I’ve been writing some code to drive the INSTEON PowerLinc Modem. It’s not the newest generation of INSTEON interfaces, but it’s the one I have in my system.
It’s been kind of a miserable experience. This thing could serve as a textbook example of how not to design a serial protocol.
Messages from the modem always begin with an ASCII STX (“Start of Text”) character. So far so good. So, you’d think the message would end with an ETX (“End of Text”). But no. They just… end. There’s no end-of-message marker of any sort. There’s no message-length field. The only way to know when the message has ended is to look up the message-type, which follows the STX, and deduce the expected number of bytes from that. Crappy. So now even the very lowest layer of my driver has to have detailed knowledge of the protocol.

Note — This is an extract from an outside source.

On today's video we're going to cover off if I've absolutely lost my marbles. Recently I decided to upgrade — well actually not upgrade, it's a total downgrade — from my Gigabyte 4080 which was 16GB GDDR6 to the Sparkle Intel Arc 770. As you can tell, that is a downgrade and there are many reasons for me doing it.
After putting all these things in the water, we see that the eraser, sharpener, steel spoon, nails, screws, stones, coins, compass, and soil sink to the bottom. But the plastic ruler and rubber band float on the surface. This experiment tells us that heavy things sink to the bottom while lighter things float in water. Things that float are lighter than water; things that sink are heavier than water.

So, what if you’re out-of-sync with the message stream somehow? For example, your program just happened to start up in the middle of an unsolicited notification message. How do you get in-sync? In a well-designed protocol, you would just wait for the first STX. That marks the start of a message, right? But no. The protocol has no provision to escape STX characters that happen to appear by chance in the body of a message. So the first STX character you see might not be real. So now you have to write a whole lot of ugly code to figure out if an STX character you see is followed by a message-type byte that makes sense. And you have to hope that reasonable-looking message-type byte wasn’t fake too, because if it was you might end up waiting for a long time for enough data to fill out the fake message you’re expecting. You need to implement a time-out too, to guard against that.

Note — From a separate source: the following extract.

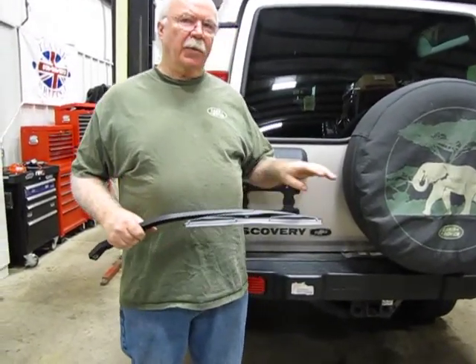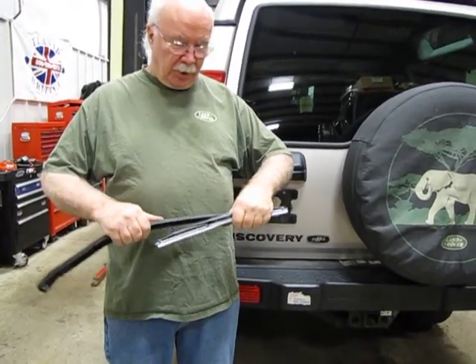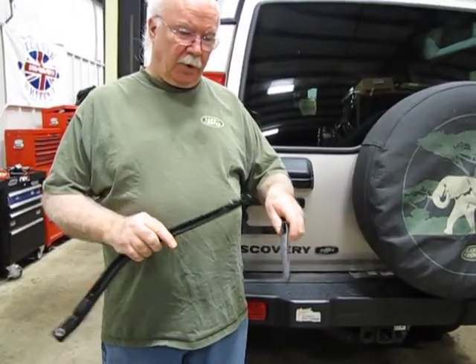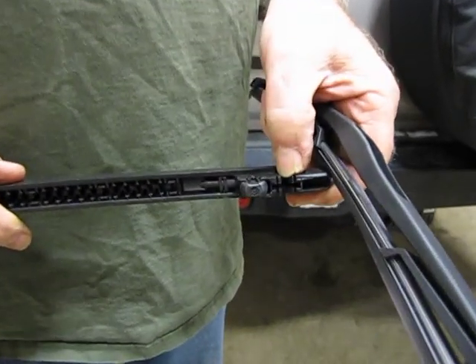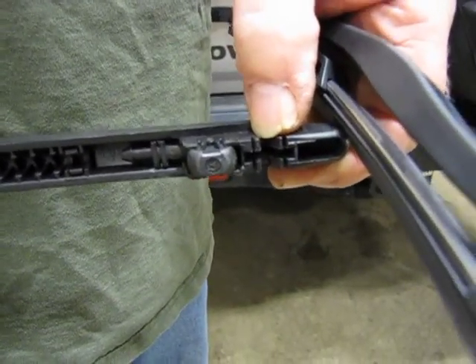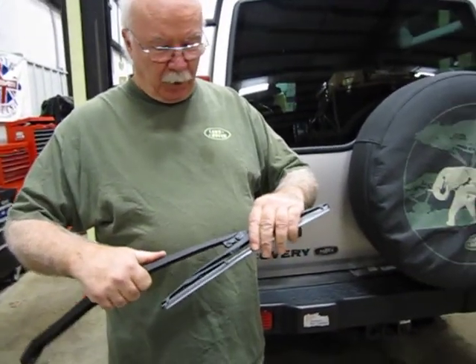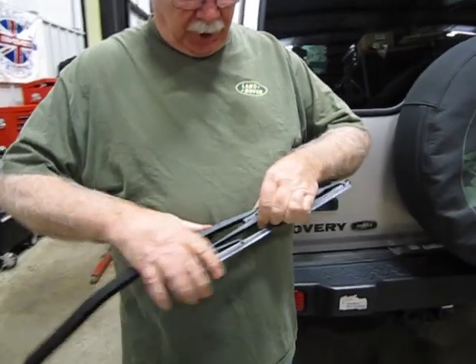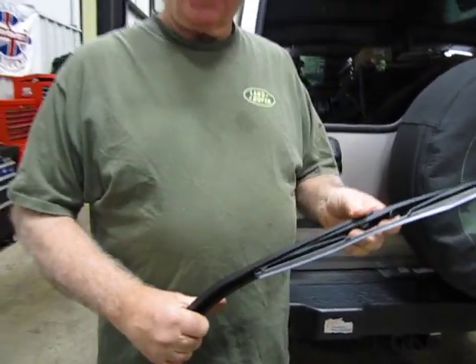I have one here in my hand because there is not one on this car. It's a pretty simple deal — it snaps off. If you look in here, there's just a little catch that snaps it on there. What you're going to have to do is lift this off the glass, snap it off, and just snap it back in place just like that, and you're about done.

Whenever anything goes wrong (either an unreasonable-looking message-type byte, or a time-out on getting to the end of the fake message), you have to just discard a single byte (the fake STX), and then try the whole thing again. Because the very next byte after the fake STX might have been a real STX.
There’s no guarantee that this process won’t result in your lower layers sending your higher layers a potentially unbounded series of garbage messages that happen to have a reasonable-looking message-type, and enough data bytes, but are otherwise complete gibberish.
ACKs and NAKs
Commands that you send to the modem get echoed back to you, followed by an ACK or NAK. Usually they get echoed back verbatim, and you can just ignore the whole thing except for the ACK or NAK at the end. But for certain commands, the echoed response is slightly changed, or slightly longer.
There’s nothing like a checksum defined in this protocol. What a NAK means is that the modem was too busy to handle your command, and you need to resend it a bit later. A primitive sort of flow-control, but OK, we can work with that. Or can we?
No, it’s not that simple. Actually, NAK doesn’t always mean “I’m busy. Ask again later.” In at least one case I’ve found so far, it means something else. For the “Get Next Link Record” command, NAK can mean “there are no more link records.” So now, if I send the “Get Next Link Record” command, and get a NAK response, what should I do? Should I resend the command, or should I assume there are no more records? Who the hell knows?
From what I’ve read of the INSTEON power-line protocol, it struck me as very cleverly designed. They seem to have thought of every weird corner case, and accounted for them all. How could those same people then proceed to poop out the haphazard, poorly-thought-out mishmash that is the PowerLinc serial protocol?